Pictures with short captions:
Start of Block

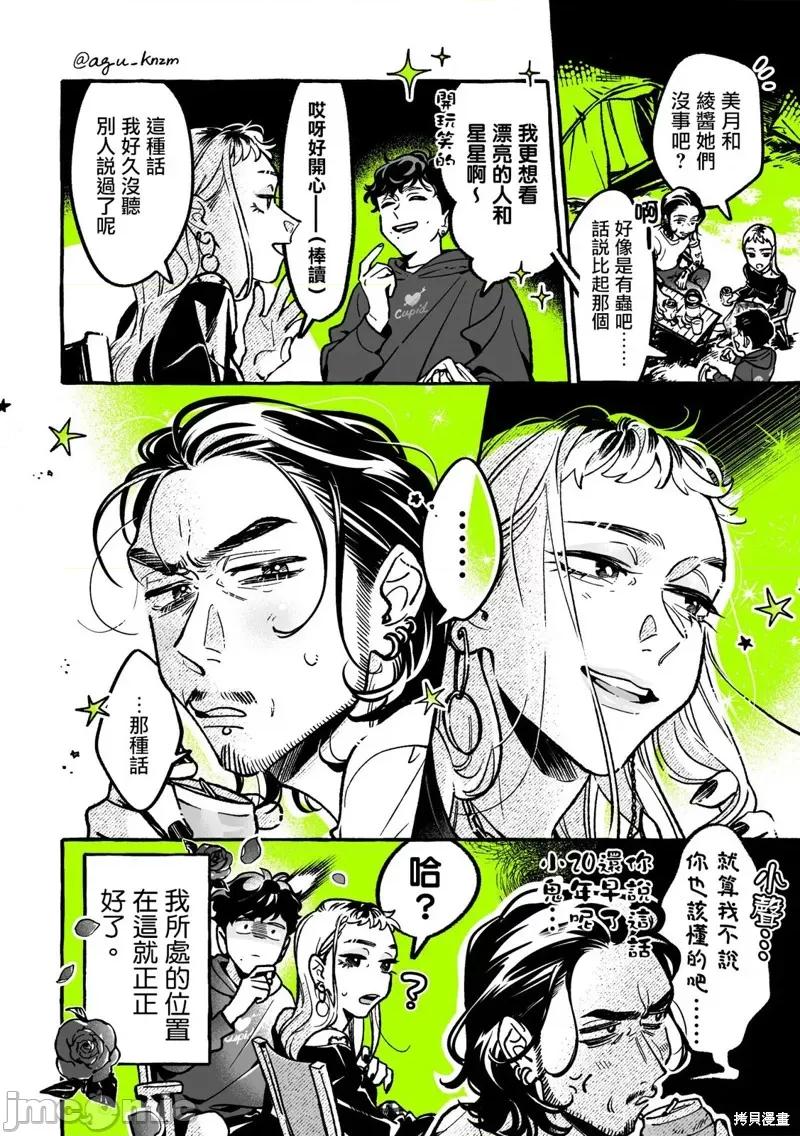 在意的人不是男生 在意的人不是男生 83 第4页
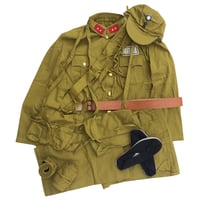 【WW2】中国国軍兵士セット　複製品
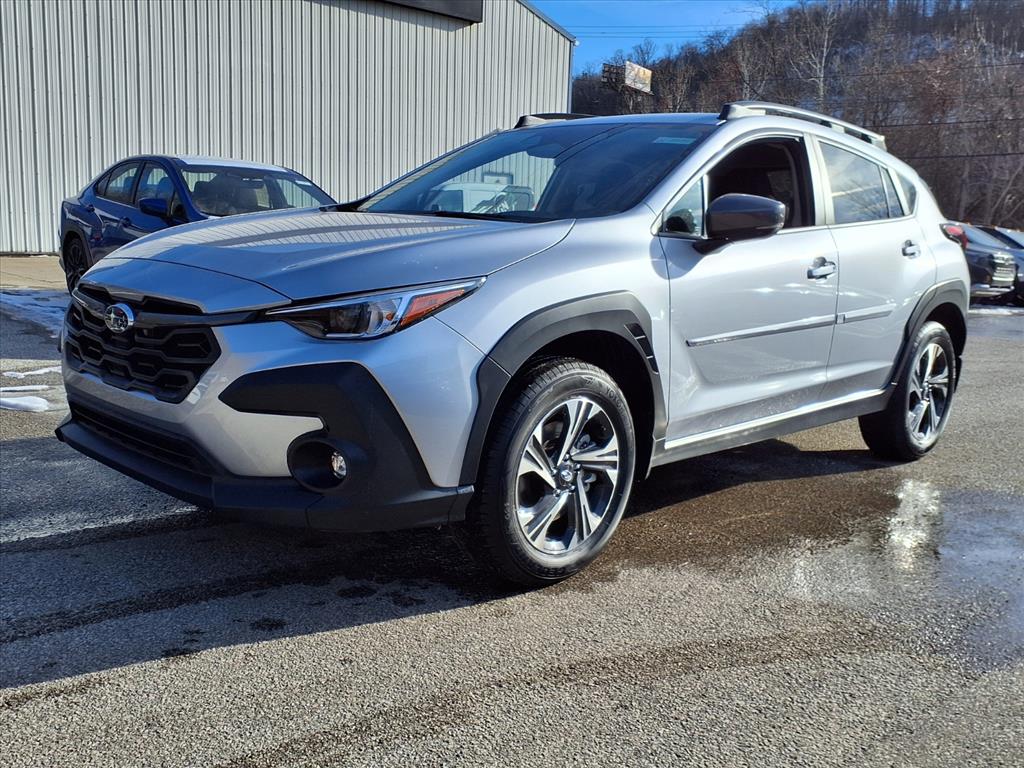 2026 Subaru Crosstrek Premium's photo
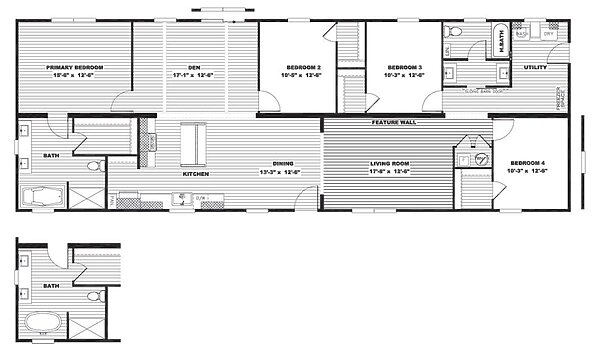 NXT / Emmeline 52FRM28764AH Layout 95377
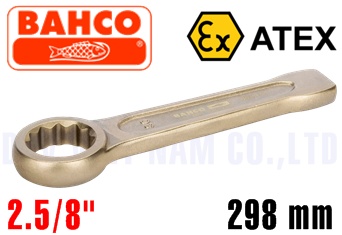 Tròng đóng chống cháy nổ NSB106-84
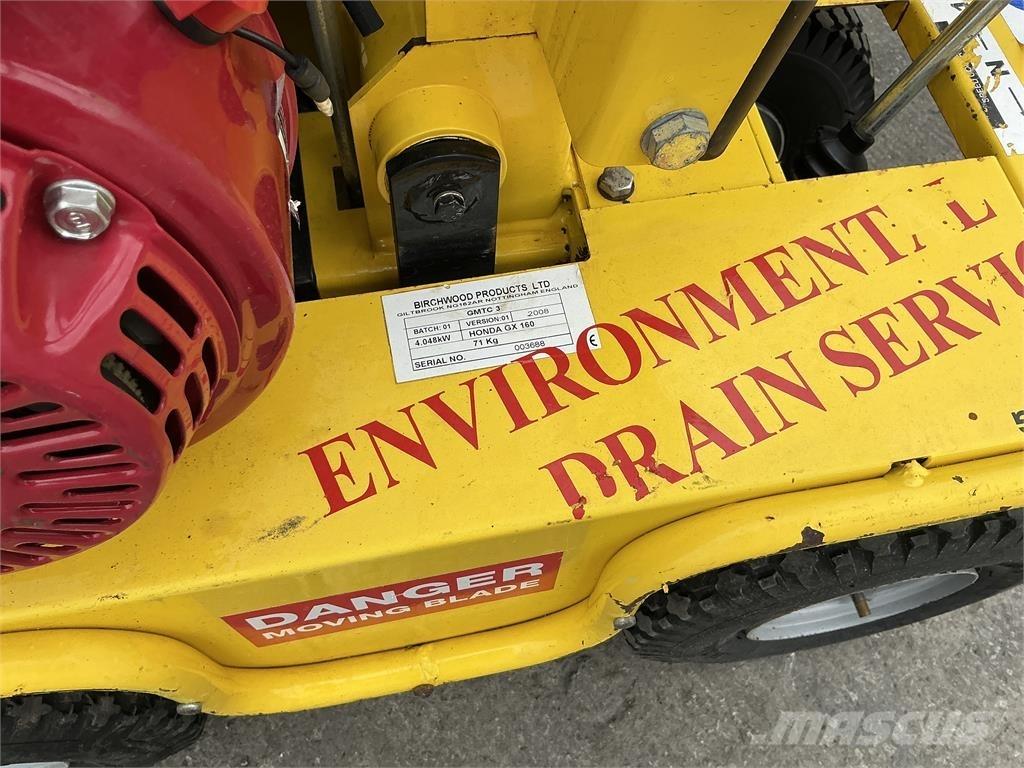  BirchWood Turf Cutter Sonstige Landmaschinen
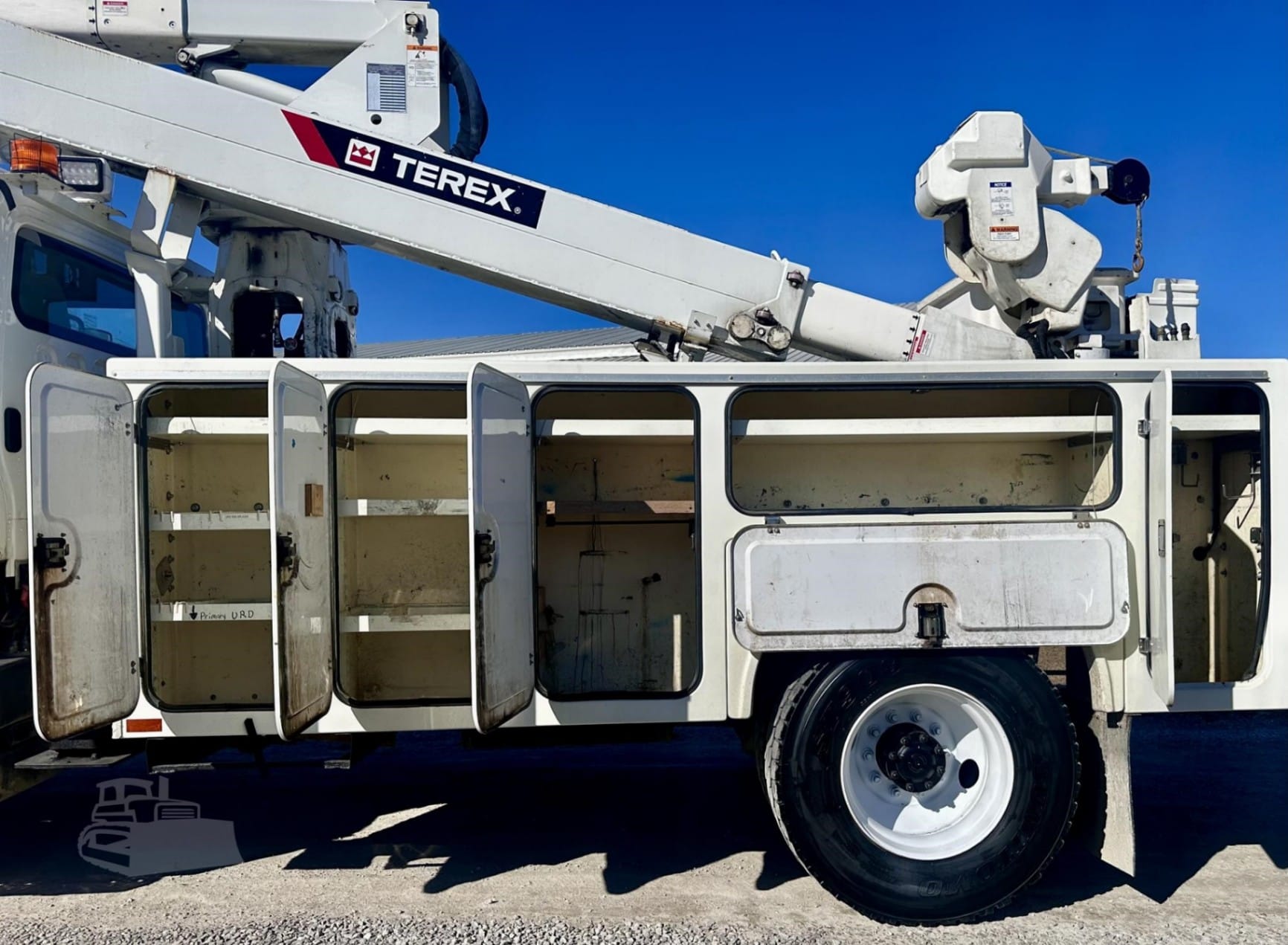 2019 Terex TL50M Service Mechanics Truck Crane for sale in Knoxville, IA - listing photo 22 of 49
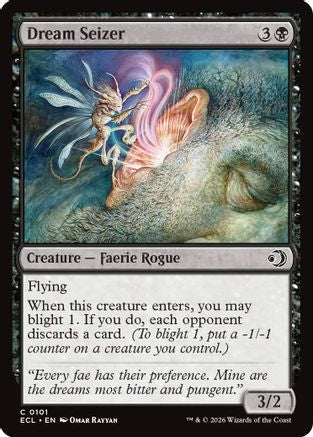 Image of Dream Seizer [Lorwyn Eclipsed]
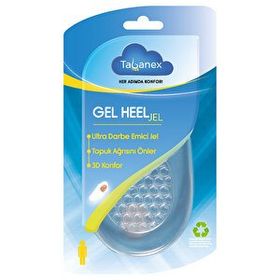 Tabanex Topuk Jeli Erkek Tabanlık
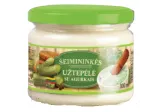 HOSTESS spread with cucumbers, 58% fat, 280 g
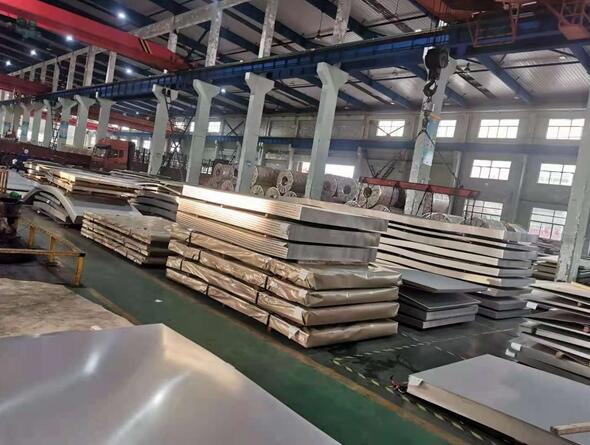 下花园321不锈钢板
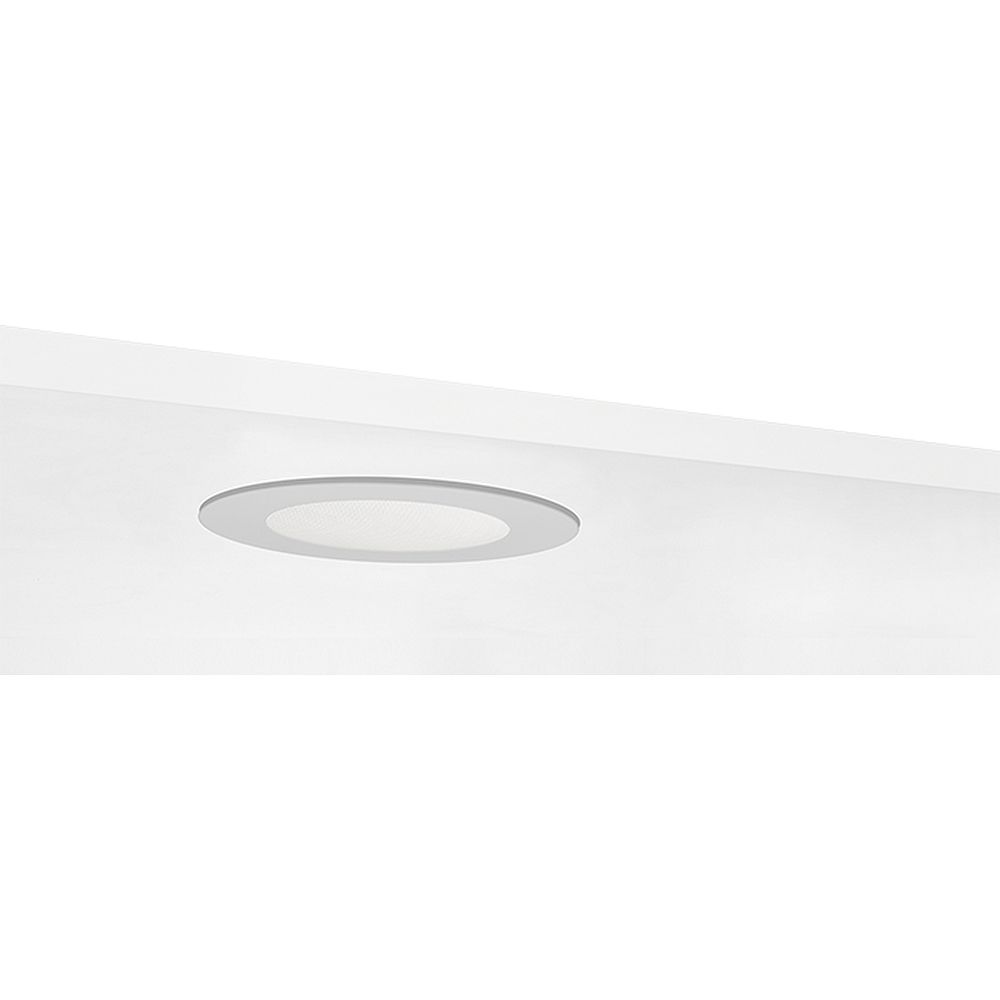 Glamox D35529855. Downlights D35-R180 LED 1000 HF 840 MP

End of Block

WHAT IS EXPECTED:
The lines from the one containing "Image of Dream Seizer [Lorwyn Eclipsed]" through the last line of the data above are to be transcribed exactly, both included, with all pictures left out.

OUTPUT:
 Image of Dream Seizer [Lorwyn Eclipsed]
 Tabanex Topuk Jeli Erkek Tabanlık
 HOSTESS spread with cucumbers, 58% fat, 280 g
 下花园321不锈钢板
 Glamox D35529855. Downlights D35-R180 LED 1000 HF 840 MP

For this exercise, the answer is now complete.